| Problem requirements |
Everything from the line containing "Used Citroën C3" through the line containing "Exotic African Rosewood" in the listing below should be copied exactly, and nothing more.

| Given information |
+++

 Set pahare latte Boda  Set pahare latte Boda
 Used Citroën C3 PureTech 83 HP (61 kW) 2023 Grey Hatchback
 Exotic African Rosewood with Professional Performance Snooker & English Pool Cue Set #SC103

+++

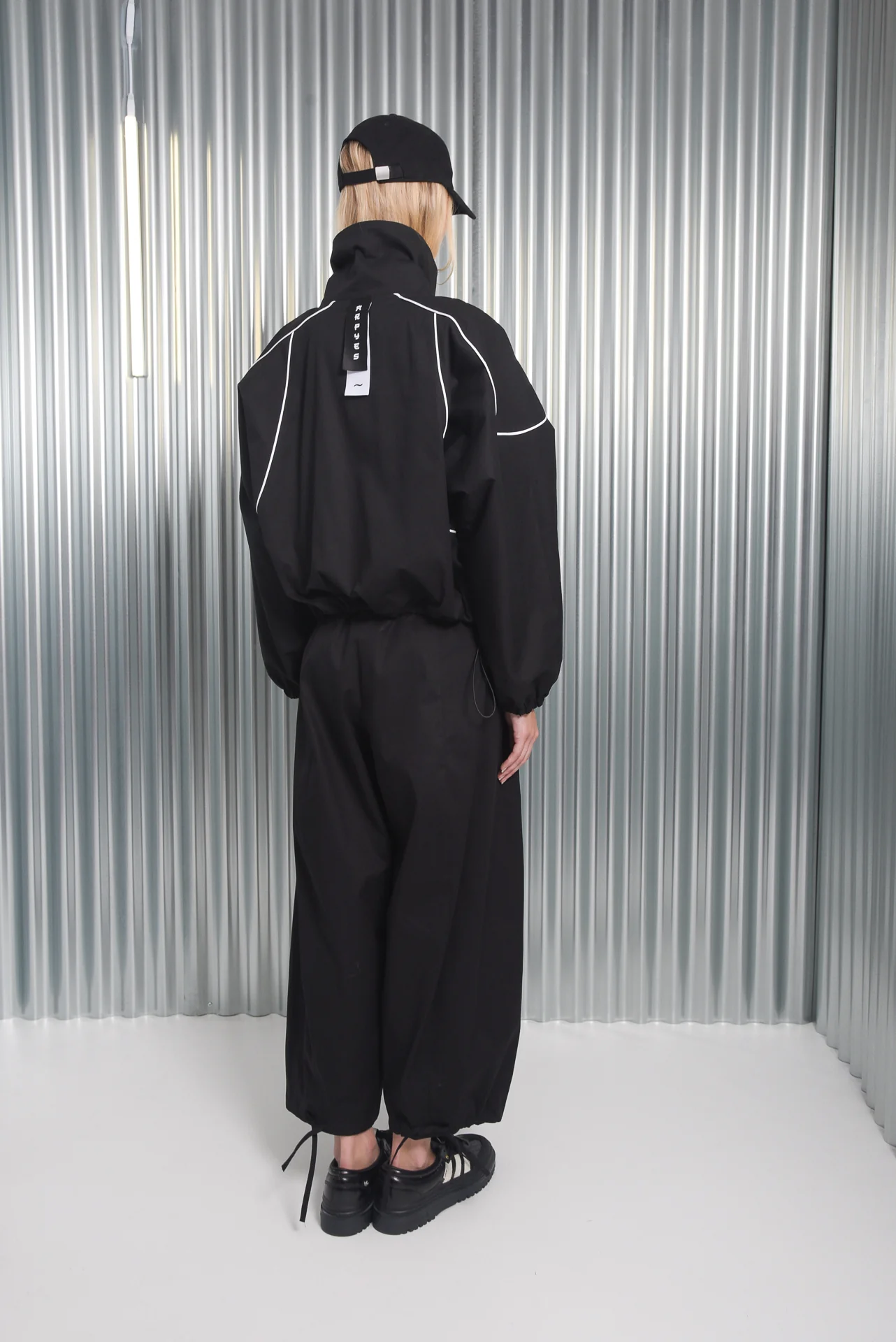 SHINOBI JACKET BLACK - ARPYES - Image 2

+++

| Answer for this exercise |
 Used Citroën C3 PureTech 83 HP (61 kW) 2023 Grey Hatchback
 Exotic African Rosewood with Professional Performance Snooker & English Pool Cue Set #SC103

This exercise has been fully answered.